Premiere am 23. Februar 2019, Frankfurt

Die Nichte des Cousins meines Bruders

Premiere: 23. Februar 2019, 19 Uhr

Gallus Theater (Kleyerstraße 15, Frankfurt)
Weitere Vorstellungen:
24. Februar, 15 Uhr, 25. Februar, 11 Uhr

Karten: 15€/erm.9€ (Schulgruppen 7€)

Von und mit: Lena Abromeit, Beatrix Barth, Theresa Barth, Elisabeth Baumgartl, Johannes Bolay, Louise Brüggemann, Ursula Brüggemann, Nicole Brüggen, Helena Brüggen, Sabine Einsporn, Felicitas Einsporn, Schlomo Ettling, Anne Feldmann, Elisabeth Heinrichs, Tina Herchenröther, Sebastian Hirte, Günter Lutz-Misof, Pascal Matthäus, Jana Misof, Leonie Queisser, Elisabeth Richter, Jürgen Schmieding, Jonathan Schmieding, Heike Schultz, Justus Schultz, Rudolf Wagner- Hirte, Lea Zander

Künstlerische Leitung und Choreografie: Hannah Dewor, Jungyeon Kim

Musikkomposition: Volker Kehl

Bühnenbild und Kostüm: Linnan Zhang

Licht und Ton: Tarkan Sener Gürsoy

Weitere Mitwirkung und Assistenz: Amanda Ettling, Karl Kiesel, Sarah Mestmacher

Produktionsleitung: Ulrike Lorch, Franziska Baumgartl

Mit freundlicher Unterstützung: Homburger Turngemeinde e.V., Gallus Theater
Gefördert durch: Aktion Mensch, Stiftung HandicapAid

EINE PRODUKTION DES ENSEMBLE BAREFEET UND DER LEBENSHILFE FRANKFURT AM MAIN

"Die Nichte des Cousins meines Bruders ... hat auch Down-Syndrom, also weiß ich, wie das ist."

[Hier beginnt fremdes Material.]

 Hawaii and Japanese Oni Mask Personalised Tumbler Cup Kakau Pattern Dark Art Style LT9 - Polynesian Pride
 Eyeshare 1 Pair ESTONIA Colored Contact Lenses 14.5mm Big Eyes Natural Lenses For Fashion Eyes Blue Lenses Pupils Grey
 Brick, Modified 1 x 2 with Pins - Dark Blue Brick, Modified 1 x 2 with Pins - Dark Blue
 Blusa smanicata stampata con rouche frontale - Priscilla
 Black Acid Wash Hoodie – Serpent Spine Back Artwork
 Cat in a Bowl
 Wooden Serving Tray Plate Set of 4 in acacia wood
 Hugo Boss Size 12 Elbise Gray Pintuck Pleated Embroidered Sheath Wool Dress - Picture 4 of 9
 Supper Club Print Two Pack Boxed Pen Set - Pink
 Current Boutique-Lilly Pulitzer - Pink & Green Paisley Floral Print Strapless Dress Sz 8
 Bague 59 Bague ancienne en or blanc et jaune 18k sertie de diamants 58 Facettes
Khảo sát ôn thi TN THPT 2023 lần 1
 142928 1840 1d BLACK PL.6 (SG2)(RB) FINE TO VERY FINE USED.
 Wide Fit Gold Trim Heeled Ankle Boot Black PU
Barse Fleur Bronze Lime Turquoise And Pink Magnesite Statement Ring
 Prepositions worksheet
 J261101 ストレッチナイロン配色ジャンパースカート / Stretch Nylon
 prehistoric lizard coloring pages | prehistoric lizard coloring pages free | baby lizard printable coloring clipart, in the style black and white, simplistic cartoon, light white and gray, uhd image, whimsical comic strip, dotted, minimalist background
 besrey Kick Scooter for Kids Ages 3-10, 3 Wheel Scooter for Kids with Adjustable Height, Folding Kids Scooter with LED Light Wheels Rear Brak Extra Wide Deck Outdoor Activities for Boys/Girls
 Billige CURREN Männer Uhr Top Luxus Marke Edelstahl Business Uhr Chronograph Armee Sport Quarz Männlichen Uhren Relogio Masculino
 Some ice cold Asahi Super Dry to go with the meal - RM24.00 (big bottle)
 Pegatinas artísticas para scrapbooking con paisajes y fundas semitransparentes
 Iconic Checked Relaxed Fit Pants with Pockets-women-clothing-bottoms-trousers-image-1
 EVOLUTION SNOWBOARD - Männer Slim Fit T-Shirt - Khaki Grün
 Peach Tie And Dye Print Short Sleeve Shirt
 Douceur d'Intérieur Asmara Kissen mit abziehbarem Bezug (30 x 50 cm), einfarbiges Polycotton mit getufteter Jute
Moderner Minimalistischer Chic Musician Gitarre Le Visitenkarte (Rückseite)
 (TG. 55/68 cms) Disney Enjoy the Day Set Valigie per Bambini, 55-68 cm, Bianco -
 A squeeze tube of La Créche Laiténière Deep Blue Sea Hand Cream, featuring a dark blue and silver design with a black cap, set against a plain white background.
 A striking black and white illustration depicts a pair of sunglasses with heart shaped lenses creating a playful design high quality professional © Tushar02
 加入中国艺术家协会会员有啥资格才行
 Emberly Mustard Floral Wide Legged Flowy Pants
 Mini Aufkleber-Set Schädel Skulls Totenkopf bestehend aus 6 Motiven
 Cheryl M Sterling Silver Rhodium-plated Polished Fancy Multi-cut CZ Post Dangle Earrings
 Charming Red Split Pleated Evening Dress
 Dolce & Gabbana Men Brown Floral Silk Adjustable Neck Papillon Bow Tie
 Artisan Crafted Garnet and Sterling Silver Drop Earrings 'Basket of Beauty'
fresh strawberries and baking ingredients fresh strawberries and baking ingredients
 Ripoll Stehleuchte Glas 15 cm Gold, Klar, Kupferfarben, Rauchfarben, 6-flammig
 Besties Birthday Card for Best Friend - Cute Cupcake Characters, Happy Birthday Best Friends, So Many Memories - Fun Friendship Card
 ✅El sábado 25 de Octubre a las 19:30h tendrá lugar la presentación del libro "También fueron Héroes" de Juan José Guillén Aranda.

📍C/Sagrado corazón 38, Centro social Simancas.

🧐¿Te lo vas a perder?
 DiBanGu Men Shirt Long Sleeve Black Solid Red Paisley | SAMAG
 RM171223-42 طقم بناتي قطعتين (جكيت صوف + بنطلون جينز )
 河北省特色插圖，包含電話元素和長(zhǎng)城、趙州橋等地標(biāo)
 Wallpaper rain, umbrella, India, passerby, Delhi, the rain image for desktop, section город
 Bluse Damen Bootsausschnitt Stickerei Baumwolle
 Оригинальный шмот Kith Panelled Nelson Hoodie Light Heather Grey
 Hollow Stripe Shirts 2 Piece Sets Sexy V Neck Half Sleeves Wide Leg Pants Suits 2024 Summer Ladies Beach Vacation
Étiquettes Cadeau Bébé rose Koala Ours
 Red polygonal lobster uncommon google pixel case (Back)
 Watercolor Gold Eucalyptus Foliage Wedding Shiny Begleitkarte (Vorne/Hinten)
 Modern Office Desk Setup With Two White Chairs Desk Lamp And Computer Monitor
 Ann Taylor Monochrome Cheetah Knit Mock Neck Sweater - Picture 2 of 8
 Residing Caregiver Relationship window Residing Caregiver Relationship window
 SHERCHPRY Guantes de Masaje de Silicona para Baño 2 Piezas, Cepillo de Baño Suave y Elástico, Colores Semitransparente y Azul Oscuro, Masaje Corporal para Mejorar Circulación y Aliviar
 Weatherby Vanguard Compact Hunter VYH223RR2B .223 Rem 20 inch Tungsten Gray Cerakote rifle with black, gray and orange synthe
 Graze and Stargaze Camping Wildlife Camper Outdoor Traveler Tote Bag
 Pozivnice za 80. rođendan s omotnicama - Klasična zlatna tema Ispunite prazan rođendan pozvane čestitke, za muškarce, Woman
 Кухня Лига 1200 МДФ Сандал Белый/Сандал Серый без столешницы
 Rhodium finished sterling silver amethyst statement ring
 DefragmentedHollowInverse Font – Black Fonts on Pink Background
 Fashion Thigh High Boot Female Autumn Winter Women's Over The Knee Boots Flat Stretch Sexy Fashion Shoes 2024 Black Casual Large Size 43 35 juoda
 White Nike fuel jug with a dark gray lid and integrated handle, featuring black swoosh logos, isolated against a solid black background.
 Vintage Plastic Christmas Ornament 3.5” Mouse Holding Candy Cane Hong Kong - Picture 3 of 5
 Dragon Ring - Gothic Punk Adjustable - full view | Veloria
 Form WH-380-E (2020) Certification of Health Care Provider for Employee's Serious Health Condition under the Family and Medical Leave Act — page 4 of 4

Jede Mutter mit einem Kind mit Beeinträchtigung kann von einer Begegnung erzählen, bei welcher sie auf völliges Unverständnis traf. Oder ihr Gesprächspartner eine vermeintliche Kenntnis ihrer Situation kundtat. Wir haben uns hingesetzt, nachgefragt und zugehört.

Wir haben sehr berührende, teils skurrile, humorvolle und alltägliche Geschichten gehört. Diese Geschichten bilden die Basis für das neue Tanzstück des Ensemble Barefeet. Es bringt verschiedene Familienmitglieder mit und ohne Beeinträchtigung auf die Bühne und eröffnet Einblicke in ihr Familienleben – mit all seinen Herausforderungen, Routinen, Wünschen und Einsichten.

Das episodenhaft angelegte Tanzstück zeigt unterschiedliche Weisen miteinander in Beziehung treten zu können, sowie Grenzen und Möglichkeiten der Kommunikation. Facetten von Mutterschaft und dem Mutter-Kind-Verhältnis werden in Bewegungsmustern und Textfragmenten verhandelt. Begleitet von der Live- Musik von Volker Kehl und seiner Familienband und im Bühnenbild von Linnan Zhang tauchen Bilder von Fremdheit und Verbundenheit, von Fürsorge und Versuchen von Eigenständigkeit und Selbstbehauptung auf.